(Task description) The finished copy must match the records exactly, except that it contains no pictures.

:::::

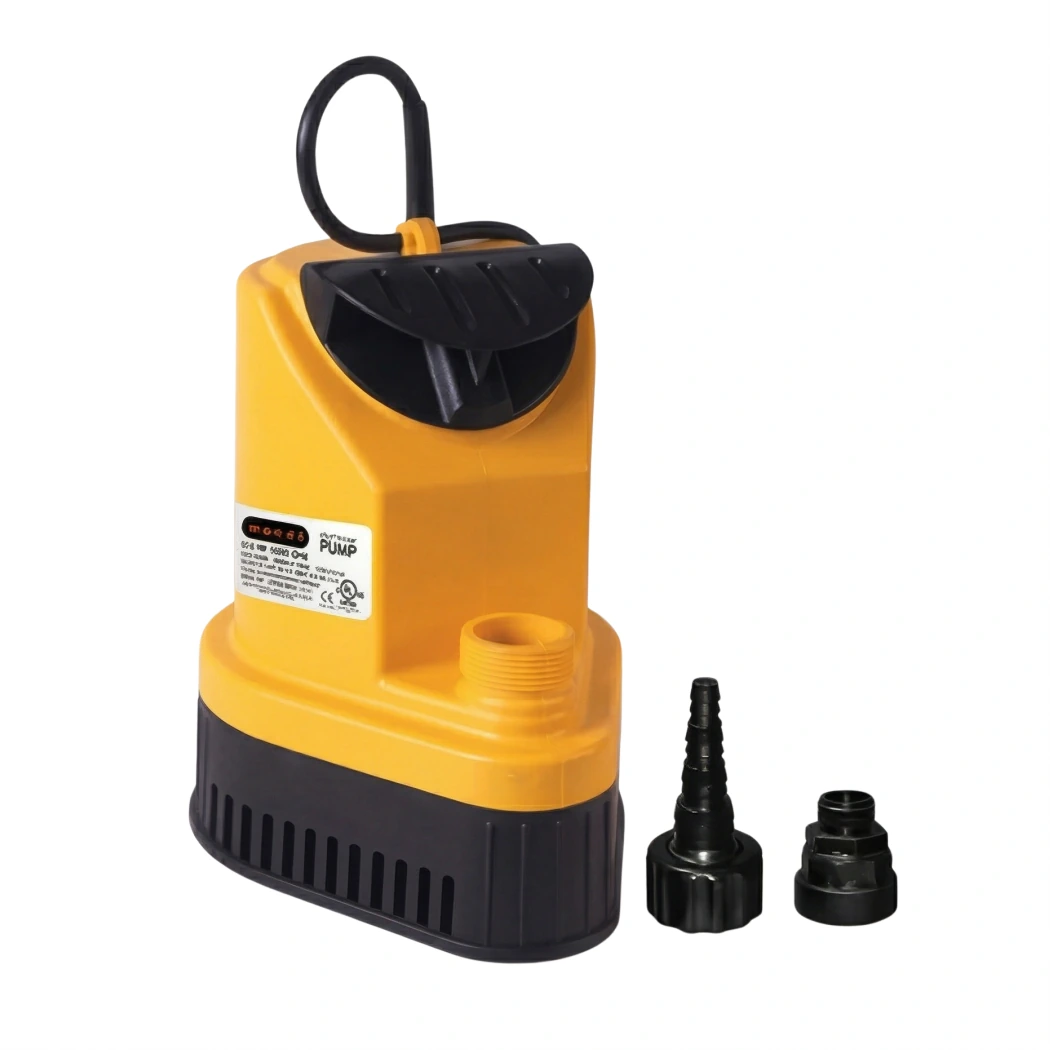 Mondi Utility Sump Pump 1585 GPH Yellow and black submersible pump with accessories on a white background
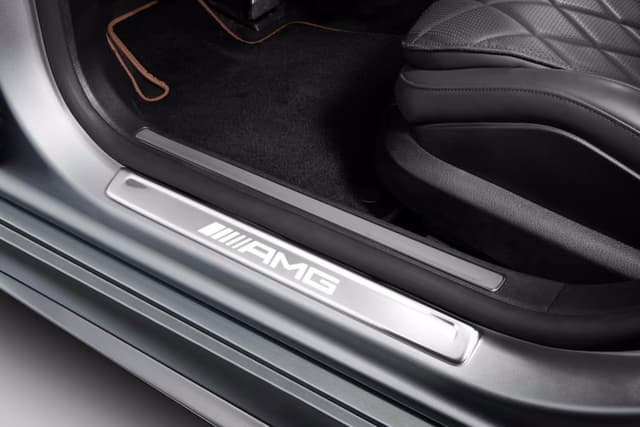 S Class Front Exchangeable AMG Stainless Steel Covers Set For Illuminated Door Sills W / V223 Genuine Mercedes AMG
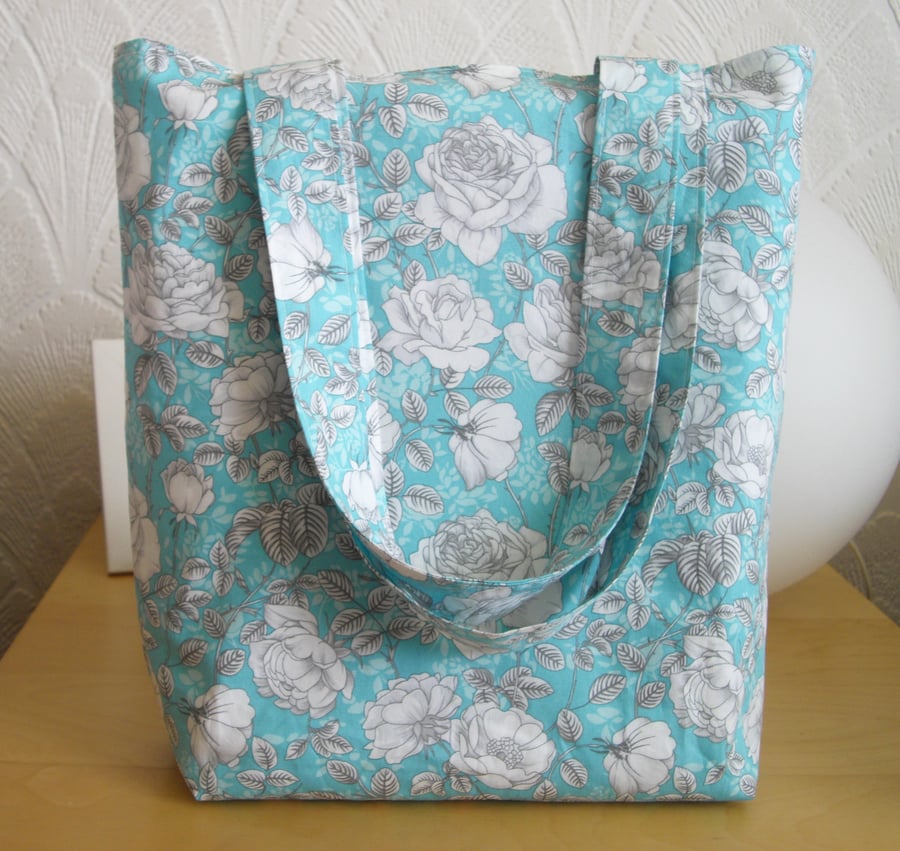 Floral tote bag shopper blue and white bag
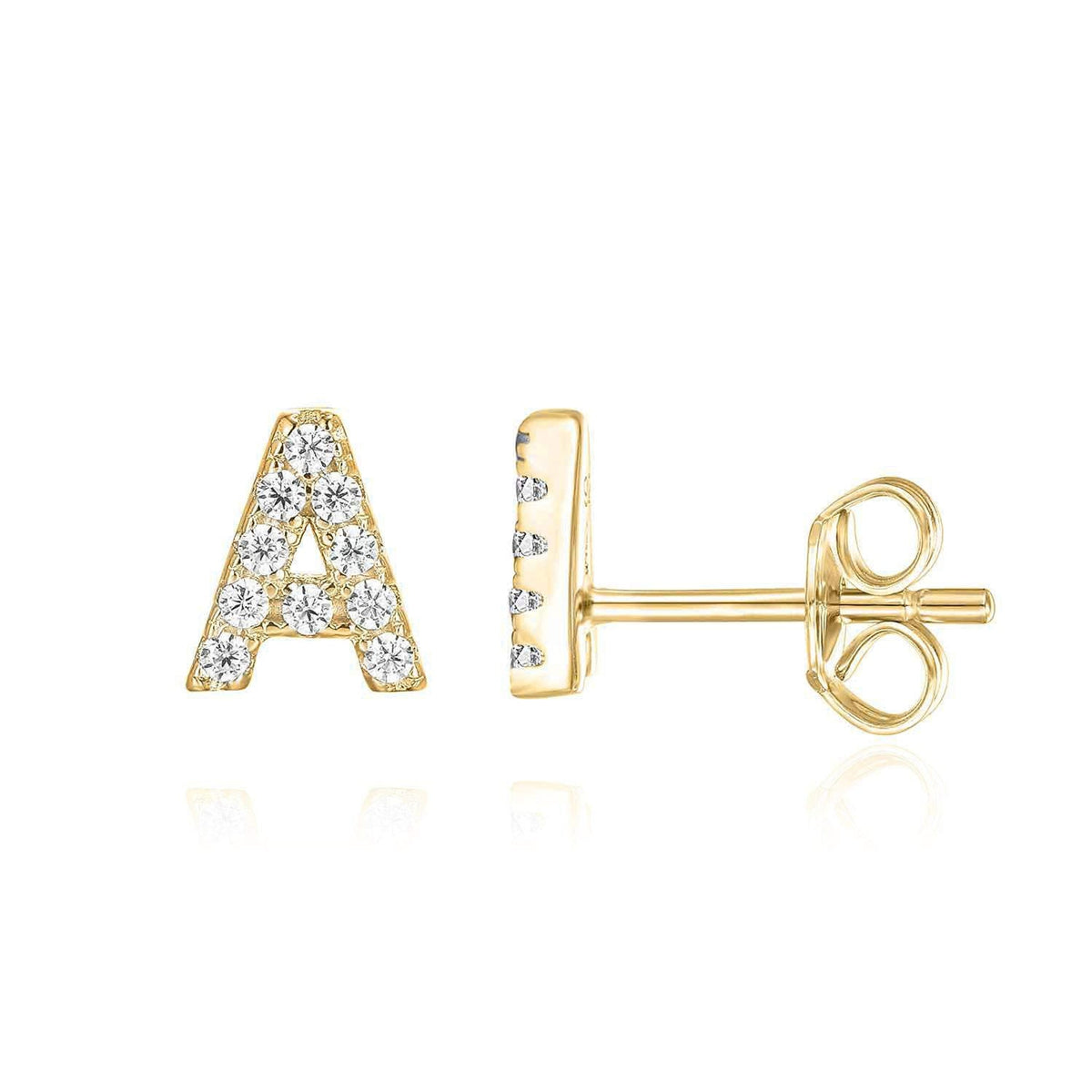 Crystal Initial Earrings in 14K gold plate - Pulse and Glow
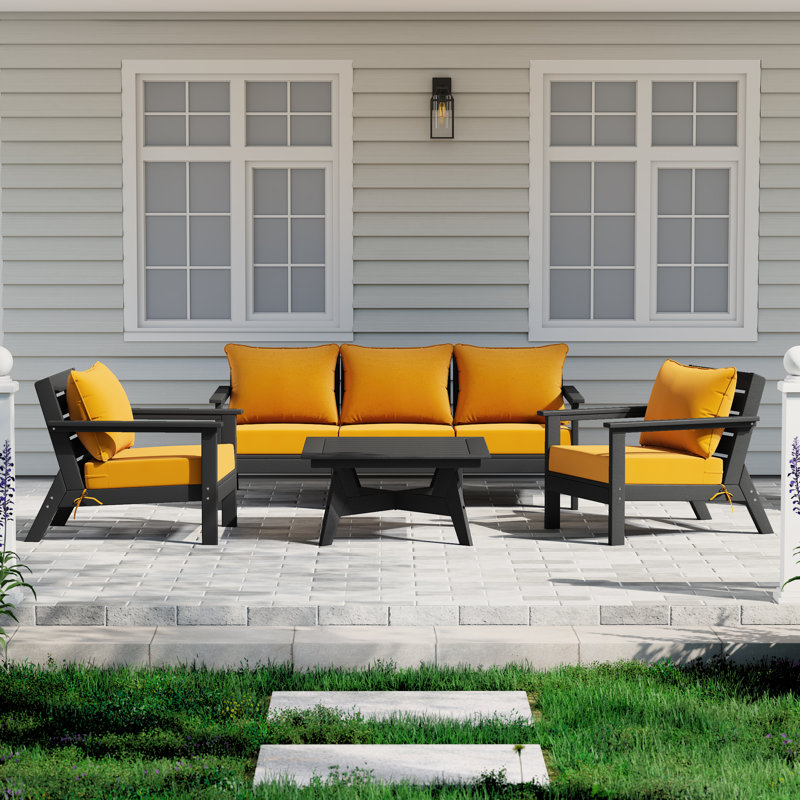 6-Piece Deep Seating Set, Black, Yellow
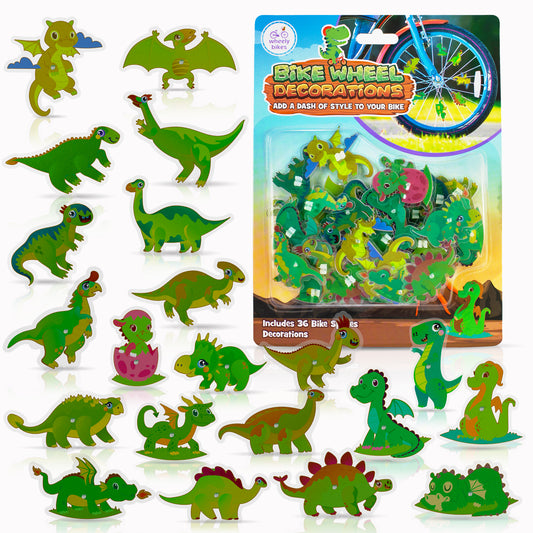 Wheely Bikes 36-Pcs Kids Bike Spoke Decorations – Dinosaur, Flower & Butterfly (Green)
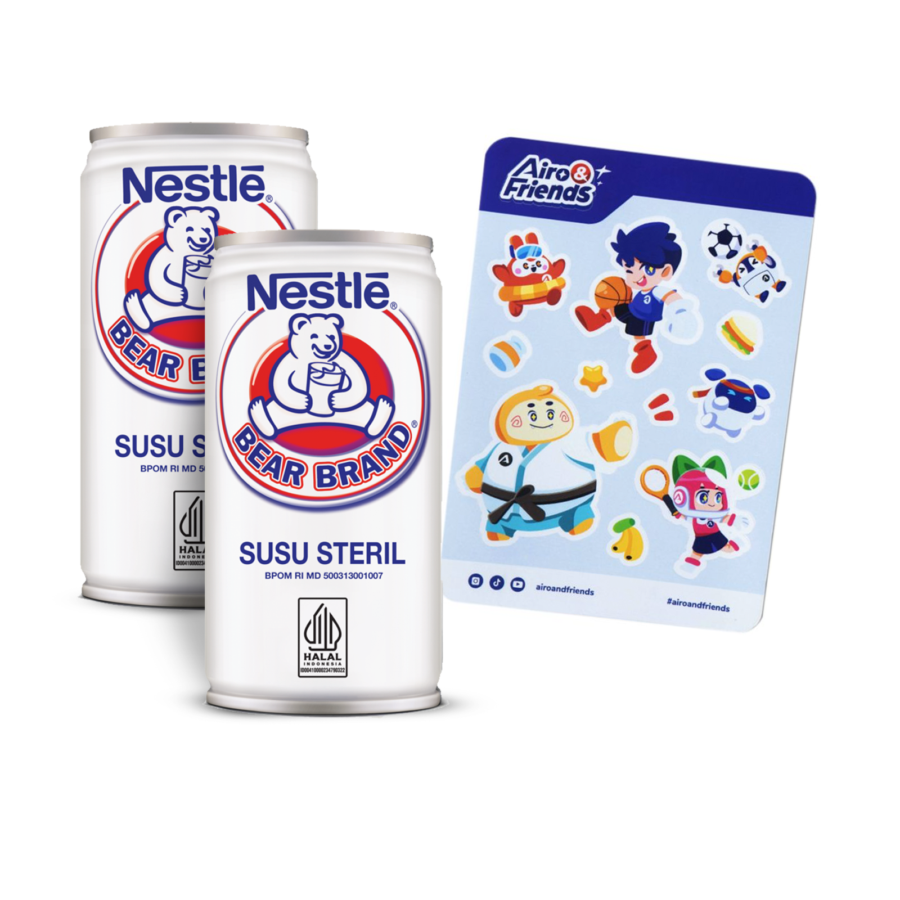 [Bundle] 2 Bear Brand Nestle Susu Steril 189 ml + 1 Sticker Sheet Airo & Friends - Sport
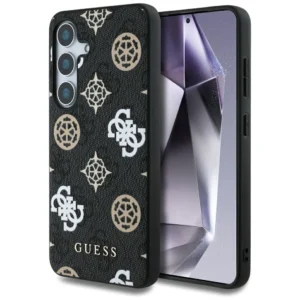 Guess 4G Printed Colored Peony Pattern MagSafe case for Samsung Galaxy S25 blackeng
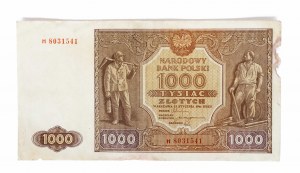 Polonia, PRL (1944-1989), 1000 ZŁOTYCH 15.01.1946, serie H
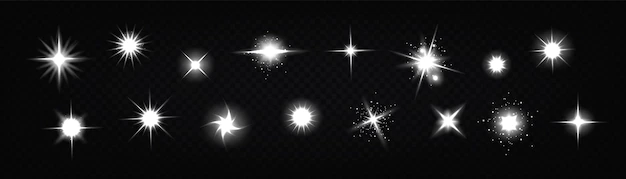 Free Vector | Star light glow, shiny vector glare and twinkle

:::::

(Result)
 Mondi Utility Sump Pump 1585 GPH Yellow and black submersible pump with accessories on a white background
 S Class Front Exchangeable AMG Stainless Steel Covers Set For Illuminated Door Sills W / V223 Genuine Mercedes AMG
 Floral tote bag shopper blue and white bag
 Crystal Initial Earrings in 14K gold plate - Pulse and Glow
 6-Piece Deep Seating Set, Black, Yellow
 Wheely Bikes 36-Pcs Kids Bike Spoke Decorations – Dinosaur, Flower & Butterfly (Green)
 [Bundle] 2 Bear Brand Nestle Susu Steril 189 ml + 1 Sticker Sheet Airo & Friends - Sport
 Guess 4G Printed Colored Peony Pattern MagSafe case for Samsung Galaxy S25 blackeng
 Polonia, PRL (1944-1989), 1000 ZŁOTYCH 15.01.1946, serie H
 Free Vector | Star light glow, shiny vector glare and twinkle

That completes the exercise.